Search code examples
angularjsregexangular-filterscapitalize

Capitalize a cyrillic strings with JavaScript


I'm making an AngularJS filter which capitalizes each word's first letter. It works well with a-zA-Z letters, but in my case I use also cyrillic characters and I would like to make it work.

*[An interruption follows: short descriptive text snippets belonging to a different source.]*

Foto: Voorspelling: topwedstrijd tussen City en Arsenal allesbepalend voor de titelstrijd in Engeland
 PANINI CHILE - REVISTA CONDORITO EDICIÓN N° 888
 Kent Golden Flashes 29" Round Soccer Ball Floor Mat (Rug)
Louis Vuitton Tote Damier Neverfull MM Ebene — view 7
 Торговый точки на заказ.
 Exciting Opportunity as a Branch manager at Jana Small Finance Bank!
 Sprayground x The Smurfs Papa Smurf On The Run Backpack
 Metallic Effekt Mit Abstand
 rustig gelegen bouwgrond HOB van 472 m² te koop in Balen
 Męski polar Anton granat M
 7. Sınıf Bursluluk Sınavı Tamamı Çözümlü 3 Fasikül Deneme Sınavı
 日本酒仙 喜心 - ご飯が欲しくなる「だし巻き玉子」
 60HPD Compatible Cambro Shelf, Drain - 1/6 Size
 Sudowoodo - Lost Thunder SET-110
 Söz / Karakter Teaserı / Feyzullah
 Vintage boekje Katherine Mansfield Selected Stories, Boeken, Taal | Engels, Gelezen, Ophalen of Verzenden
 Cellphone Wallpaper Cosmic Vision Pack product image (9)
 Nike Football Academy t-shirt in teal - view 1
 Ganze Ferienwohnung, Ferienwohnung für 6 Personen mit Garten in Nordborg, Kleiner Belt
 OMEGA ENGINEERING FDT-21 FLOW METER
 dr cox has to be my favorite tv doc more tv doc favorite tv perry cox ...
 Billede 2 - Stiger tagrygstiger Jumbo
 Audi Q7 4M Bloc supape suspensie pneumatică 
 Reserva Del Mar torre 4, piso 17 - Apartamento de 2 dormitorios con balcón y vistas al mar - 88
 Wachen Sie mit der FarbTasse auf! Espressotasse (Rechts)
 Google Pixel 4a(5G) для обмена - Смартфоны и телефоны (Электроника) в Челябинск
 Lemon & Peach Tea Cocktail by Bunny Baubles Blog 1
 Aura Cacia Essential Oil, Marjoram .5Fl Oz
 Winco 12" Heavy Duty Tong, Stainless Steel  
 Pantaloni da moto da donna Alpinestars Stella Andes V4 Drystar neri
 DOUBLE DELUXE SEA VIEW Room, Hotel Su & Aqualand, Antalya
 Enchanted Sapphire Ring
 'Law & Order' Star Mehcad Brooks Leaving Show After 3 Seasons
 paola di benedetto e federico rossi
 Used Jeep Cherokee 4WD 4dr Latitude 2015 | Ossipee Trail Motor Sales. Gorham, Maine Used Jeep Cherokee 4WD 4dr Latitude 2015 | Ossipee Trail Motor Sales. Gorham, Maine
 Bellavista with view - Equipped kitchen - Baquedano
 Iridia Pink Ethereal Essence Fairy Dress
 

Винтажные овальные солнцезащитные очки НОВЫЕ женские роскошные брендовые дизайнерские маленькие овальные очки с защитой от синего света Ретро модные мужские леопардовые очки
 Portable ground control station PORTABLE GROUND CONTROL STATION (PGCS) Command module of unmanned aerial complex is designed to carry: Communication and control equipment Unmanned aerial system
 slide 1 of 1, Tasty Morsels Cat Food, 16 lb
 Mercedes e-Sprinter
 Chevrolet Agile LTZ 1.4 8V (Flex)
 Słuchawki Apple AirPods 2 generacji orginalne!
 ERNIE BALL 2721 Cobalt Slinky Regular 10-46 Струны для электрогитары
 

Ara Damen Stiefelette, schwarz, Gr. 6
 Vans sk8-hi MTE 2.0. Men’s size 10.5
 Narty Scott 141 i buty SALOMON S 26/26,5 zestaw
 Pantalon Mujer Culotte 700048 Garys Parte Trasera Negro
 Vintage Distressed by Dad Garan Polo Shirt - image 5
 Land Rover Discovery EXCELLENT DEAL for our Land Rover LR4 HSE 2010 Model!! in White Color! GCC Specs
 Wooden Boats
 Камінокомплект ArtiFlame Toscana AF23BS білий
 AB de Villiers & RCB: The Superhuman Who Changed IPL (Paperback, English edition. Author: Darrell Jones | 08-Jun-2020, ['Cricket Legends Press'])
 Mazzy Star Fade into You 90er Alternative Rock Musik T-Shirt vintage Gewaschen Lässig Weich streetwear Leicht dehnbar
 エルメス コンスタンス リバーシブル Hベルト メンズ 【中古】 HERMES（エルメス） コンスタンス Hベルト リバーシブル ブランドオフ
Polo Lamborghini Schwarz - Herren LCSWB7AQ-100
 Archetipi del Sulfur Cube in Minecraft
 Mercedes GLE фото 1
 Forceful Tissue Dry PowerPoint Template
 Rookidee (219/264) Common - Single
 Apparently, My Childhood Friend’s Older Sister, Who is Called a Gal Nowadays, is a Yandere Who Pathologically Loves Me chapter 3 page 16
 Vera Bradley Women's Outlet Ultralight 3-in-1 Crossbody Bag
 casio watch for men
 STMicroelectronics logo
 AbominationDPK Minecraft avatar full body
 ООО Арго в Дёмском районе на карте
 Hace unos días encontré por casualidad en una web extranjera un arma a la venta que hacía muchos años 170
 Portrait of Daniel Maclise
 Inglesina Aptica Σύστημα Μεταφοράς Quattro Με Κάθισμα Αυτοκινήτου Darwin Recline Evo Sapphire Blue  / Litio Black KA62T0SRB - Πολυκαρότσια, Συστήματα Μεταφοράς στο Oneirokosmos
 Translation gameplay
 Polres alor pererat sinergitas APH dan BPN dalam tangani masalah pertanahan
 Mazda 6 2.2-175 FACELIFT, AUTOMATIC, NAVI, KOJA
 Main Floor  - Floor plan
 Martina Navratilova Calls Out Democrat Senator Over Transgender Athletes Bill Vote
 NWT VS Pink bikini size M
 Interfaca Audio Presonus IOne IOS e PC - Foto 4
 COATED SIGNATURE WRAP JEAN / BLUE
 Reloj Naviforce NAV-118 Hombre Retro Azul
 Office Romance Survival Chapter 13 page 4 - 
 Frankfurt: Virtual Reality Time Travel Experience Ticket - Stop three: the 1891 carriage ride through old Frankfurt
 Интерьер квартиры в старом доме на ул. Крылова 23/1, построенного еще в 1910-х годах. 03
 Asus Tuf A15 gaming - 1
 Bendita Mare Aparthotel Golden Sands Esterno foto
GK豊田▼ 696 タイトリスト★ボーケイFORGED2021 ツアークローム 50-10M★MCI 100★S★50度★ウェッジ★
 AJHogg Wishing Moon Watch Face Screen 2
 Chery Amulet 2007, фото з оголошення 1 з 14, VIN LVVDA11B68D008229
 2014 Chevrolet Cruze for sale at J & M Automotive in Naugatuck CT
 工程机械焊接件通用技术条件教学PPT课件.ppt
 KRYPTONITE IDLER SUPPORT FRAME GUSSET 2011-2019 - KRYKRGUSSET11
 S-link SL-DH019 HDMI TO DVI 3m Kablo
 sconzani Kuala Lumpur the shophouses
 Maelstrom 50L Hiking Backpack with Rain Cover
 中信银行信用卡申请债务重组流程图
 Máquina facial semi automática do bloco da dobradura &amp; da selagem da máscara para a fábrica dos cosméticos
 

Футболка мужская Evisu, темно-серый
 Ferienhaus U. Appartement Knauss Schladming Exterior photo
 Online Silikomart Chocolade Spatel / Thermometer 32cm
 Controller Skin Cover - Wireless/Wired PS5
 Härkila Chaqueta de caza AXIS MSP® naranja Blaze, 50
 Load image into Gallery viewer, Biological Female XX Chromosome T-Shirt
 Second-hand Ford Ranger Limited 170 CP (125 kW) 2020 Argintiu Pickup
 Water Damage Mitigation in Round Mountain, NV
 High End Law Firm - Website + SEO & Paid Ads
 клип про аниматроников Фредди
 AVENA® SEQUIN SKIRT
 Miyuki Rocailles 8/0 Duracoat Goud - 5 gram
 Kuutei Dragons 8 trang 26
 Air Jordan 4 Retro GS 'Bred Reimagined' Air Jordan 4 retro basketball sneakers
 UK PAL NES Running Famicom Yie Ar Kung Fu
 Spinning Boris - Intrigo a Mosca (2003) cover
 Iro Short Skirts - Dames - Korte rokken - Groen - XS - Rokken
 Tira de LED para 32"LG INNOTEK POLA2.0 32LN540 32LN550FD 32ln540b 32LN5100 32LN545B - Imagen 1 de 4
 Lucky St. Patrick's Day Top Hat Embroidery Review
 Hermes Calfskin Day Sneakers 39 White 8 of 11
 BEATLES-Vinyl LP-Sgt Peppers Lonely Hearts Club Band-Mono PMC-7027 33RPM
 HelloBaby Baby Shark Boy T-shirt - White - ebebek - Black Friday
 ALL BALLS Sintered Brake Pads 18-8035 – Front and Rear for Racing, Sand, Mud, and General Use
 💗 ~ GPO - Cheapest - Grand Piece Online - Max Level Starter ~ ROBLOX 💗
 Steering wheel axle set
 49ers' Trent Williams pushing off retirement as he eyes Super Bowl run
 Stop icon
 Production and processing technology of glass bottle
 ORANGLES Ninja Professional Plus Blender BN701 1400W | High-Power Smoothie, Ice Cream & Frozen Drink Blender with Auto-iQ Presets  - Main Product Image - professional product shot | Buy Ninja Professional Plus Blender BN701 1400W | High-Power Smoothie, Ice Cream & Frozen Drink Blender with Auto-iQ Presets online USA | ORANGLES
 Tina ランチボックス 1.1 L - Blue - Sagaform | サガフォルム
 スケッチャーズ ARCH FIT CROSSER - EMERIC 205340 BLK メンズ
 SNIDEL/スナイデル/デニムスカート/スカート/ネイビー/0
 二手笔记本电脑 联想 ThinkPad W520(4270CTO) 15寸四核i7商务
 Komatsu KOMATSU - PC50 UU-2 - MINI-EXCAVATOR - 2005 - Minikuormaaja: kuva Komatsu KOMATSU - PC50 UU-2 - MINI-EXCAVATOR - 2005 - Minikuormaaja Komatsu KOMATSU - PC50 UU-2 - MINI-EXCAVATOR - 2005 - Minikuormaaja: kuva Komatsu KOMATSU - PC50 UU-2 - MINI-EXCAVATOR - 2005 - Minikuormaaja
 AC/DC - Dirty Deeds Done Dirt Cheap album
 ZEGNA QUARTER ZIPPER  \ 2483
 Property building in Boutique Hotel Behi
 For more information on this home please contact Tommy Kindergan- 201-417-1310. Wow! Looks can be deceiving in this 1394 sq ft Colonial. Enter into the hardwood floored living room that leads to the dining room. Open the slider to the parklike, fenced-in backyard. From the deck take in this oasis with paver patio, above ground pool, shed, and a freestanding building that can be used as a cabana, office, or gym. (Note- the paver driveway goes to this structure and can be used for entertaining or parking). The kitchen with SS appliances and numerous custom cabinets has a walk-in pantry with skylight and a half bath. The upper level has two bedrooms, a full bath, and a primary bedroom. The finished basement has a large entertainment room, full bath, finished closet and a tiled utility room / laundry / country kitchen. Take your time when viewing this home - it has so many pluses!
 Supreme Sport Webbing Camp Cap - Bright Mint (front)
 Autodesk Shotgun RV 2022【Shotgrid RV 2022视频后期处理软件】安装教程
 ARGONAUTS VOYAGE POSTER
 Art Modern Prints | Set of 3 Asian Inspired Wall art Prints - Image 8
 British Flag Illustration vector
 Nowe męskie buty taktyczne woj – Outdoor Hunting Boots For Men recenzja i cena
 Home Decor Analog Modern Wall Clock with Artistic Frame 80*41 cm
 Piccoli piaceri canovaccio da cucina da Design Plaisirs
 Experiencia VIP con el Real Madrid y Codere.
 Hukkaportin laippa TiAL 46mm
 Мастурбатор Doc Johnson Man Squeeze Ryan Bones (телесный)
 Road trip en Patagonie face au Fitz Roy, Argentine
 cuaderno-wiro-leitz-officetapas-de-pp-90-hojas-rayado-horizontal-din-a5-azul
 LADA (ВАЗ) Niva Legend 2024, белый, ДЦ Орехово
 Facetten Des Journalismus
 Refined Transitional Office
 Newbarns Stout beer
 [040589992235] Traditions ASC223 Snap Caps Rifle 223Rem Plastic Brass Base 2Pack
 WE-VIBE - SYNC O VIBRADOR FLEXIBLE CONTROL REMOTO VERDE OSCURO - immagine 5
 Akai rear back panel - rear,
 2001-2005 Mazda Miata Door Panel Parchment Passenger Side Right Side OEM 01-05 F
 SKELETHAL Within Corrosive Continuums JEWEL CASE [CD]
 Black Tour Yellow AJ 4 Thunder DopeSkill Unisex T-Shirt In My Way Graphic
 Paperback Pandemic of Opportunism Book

var strLatin = "this is some string";
var strCyrillic = "това е някакъв низ";

var newLatinStr = strLatin.replace(/\b[\wа-яА-Я]/g, function(l){ 
    return l.toUpperCase();
});

var newCyrillicStr = strCyrillic.replace(/\b[\wа-яА-Я]/g, function(l){ 
    return l.toUpperCase();
});

Here I got some CodePen example: http://codepen.io/brankoleone/pen/GNxjRM


Solution

  • You need a custom word boundary that you may build using groupings:

    var strLatin = "this is some string";
    var strCyrillic = "това е някакъв низ";
    var block = "\\w\\u0400-\\u04FF";
    var rx = new RegExp("([^" + block + "]|^)([" + block + "])", "g");
    
    var newLatinStr = strLatin.replace(rx, function($0, $1, $2){ 
        return $1+$2.toUpperCase();
    });
    console.log(newLatinStr);
    var newCyrillicStr = strCyrillic.replace(rx, function($0, $1, $2){ 
        return $1+$2.toUpperCase();
    });
    console.log(newCyrillicStr);

    Details:

    • The block contains all ASCII letters, digits and underscore and all basic Cyrillic chars from the basic Cyrillic range (if you need more, see Cyrillic script in Unicode ranges Wiki article and update the regex accordingly), perhaps, you just want to match Russian with А-ЯЁёа-я, then use var block = "\\wА-ЯЁёа-я
    • The final regex matches and captures into Group 1 any char other than the one defined in the block or start of string, and then matches and captures into Group 2 any char defined in the block.